** Material provided **
---------------

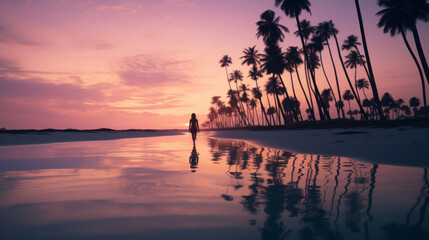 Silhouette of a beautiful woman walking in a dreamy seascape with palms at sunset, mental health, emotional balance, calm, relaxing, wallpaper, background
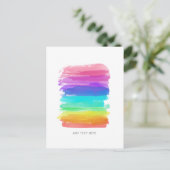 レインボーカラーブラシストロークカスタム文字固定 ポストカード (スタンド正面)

---------------

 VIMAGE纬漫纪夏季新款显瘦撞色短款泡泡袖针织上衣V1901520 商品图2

---------------

** Exercise brief **
Respond with the exact lines above running from the one containing "Silhouette of a" to the one containing "レインボーカラーブラシストロークカスタム文字固定 ポストカード (スタンド正面)", both ends kept and no pictures included.

** Finished task **
 Silhouette of a beautiful woman walking in a dreamy seascape with palms at sunset, mental health, emotional balance, calm, relaxing, wallpaper, background
 レインボーカラーブラシストロークカスタム文字固定 ポストカード (スタンド正面)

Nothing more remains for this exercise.